Als die „asozialsten Rapper in Deutschland“ sind die Spezializtz von Musikkritikern bezeichnet worden. Am Samstag tritt die Berliner HipHop-Band bei der Hanfparade auf. Das ist irgendwie selbstverständlich, denn die Spezializtz sind bekennende Cannabinisten. Kiffen ist die Grundsäule ihres Lebens

Ihre Beats sind tief, die Texte schmutzig. Es geht um Sex, Alkohol, Selbstvergewisserung

von KIRSTEN KÜPPERS

Zunächst einmal ist davon auszugehen, dass alle Menschen kiffen: Rechtsanwälte, Lehrer, Manager, Fußballtrainer, Chefredakteure. Auch der Bundeskanzler und Sabine Christiansen. Roberto Blanco. Boris Becker. Außenminister Joschka Fischer, der sowieso. – Die ganze Welt ist ja haschsüchtig. Warum das keiner weiß? „Ey, da steckt die Bierlobby hinter, ist doch klar, Alter.“

So stellt sich die Ausgangslage dar an einem faulen Nachmittag im Sommer. Von einer schmalen Westberliner Mietshauswohnung aus gesehen, Matratzen am Boden und Jenifer-Lopez-Poster an der Wand. Für ein paar Jungs Anfang zwanzig, denen der letzte Joint gerade ausgegangen ist. Milde lächelnde HipHoper, denen nun im Kopf die Grenzen zwischen drinnen und draußen, oben und unten weich zerlaufen.

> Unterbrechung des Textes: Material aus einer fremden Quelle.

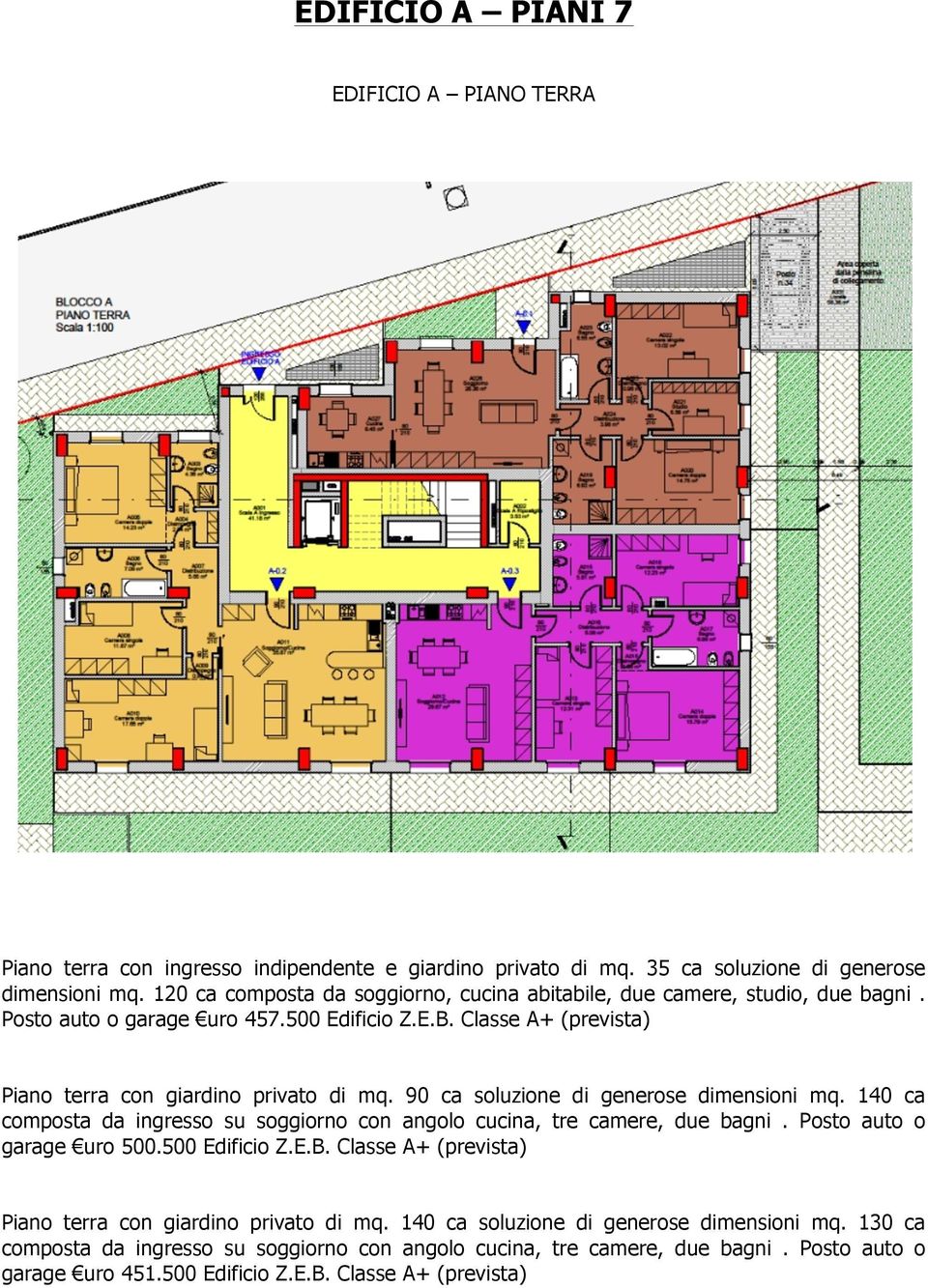 90 ca soluzione di generose dimensioni mq. 140 ca composta da ingresso su soggiorno con angolo cucina, tre camere, due bagni. Posto auto o garage uro 500.500 Edificio Z.E.B.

Und weil Cannabis trotz seines „Nutzens für die Massen“ immer noch nicht in Deutschland legalisiert ist, nimmt Oliver Harris plötzlich seine Rede wieder auf, kann es doch nur eine „Ehrensache“ sein, dass die „Spezializtz“ bei der Hanfparade am Samstag auftreten, ohne Gage. Harris ist 22 Jahre alt, trägt ein weißes Unterhemd, eine blaue Trainingshose und eine Afrofrisur. Zusammen mit seinem gleichaltrigen Freund Dean Dawson bildet er die afroamerikanische Berliner HipHop-Band „The Spezializtz“, eine der bekanntesten der Berliner HipHop-Szene.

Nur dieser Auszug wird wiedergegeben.